The rhythm section got their well-deserved moment in the spotlight during the danceable Honey Forgive Me. Ryan’s drum solo so perfectly synchronised with the groove of the number, while Jared even threw in a finishing flourish of Jessica.
Shadow Dancer, with its symphonic melody and arabesque solo, led into Good Time Girl. The strutty riff is so complementary to the chorus. A proper feel-good tune, with Louis making increasing use of the vast stage and matching the animation of his boss. Is there such a thing as lead bass?
“I recorded this one with Blues Traveller. You guys heard of Blues Traveller? No?! This story’s not going to go good. Anyway, this won us a Blues Grammy.”
The song in question was Keep Your Light On Mama, an exceedingly weighty gospel-tinged blues workout embellished by those trademark licks. At one point, Jared’s silhouette was quite the iconic image as he turned to face his Blackstar stack and struck the pose.
While said collaboration gained significant homeland acclaim, every artist may just have another defining song that endears them to particular audiences. To a fair proportion of British ones, Nails In The Coffin is Jared’s. An emotive yet anthemic, rousing, triumphant showstopper appearing here in its rightful place as the set closer.

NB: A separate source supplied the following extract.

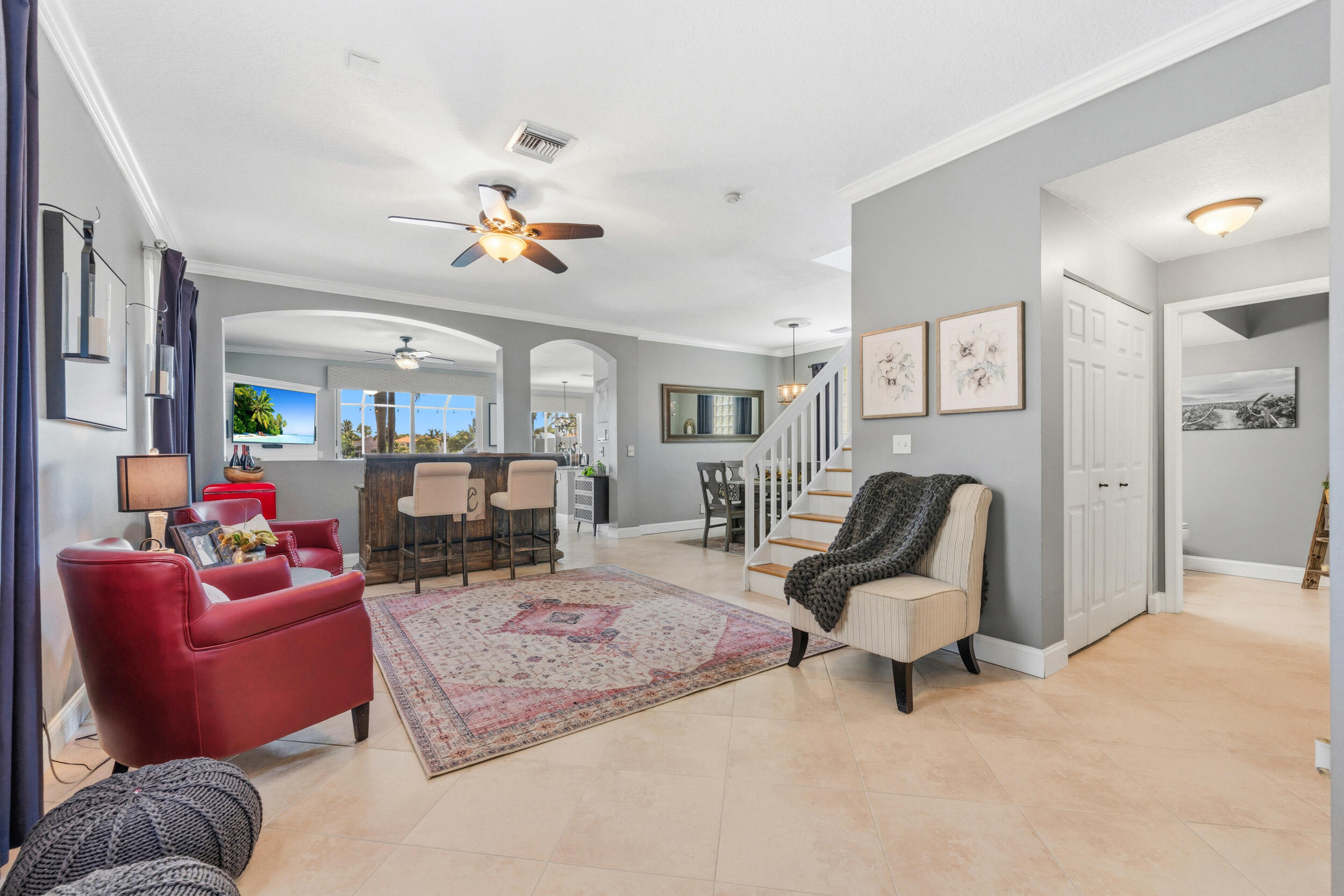 7960 La Rose Court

Returning to the stage for the solitary encore, Jared introduces, “One of the best songs ever created, and it just so happens to be from this area.” Cue the distinctive howling and swooping soundscape of War Pigs.
Jared stamped his own authority on the song, providing it with a modern zest. He even performed a technique I had never previously witnessed, which was to sing “Satan laughing spreads his wings” directly into his pickup. It sure gave the line an eerie, more disturbing air.
Bringing a most uplifting evening to a close, he left the stage with a ”Let’s have a beer, let’s have a chat at the merch.”
Such was the atmosphere in the room this evening, the event felt more like Jared was jamming in front of a specially invited audience of dear friends.
Being such an amiable, big-hearted guy, the subsequent queue, according to a good friend, was “One of the longest he’s seen here” and only dispersed as the witching hour drew near.
Testimony enough to the appeal of the man, his music and the mood he had just created. Highly recommended.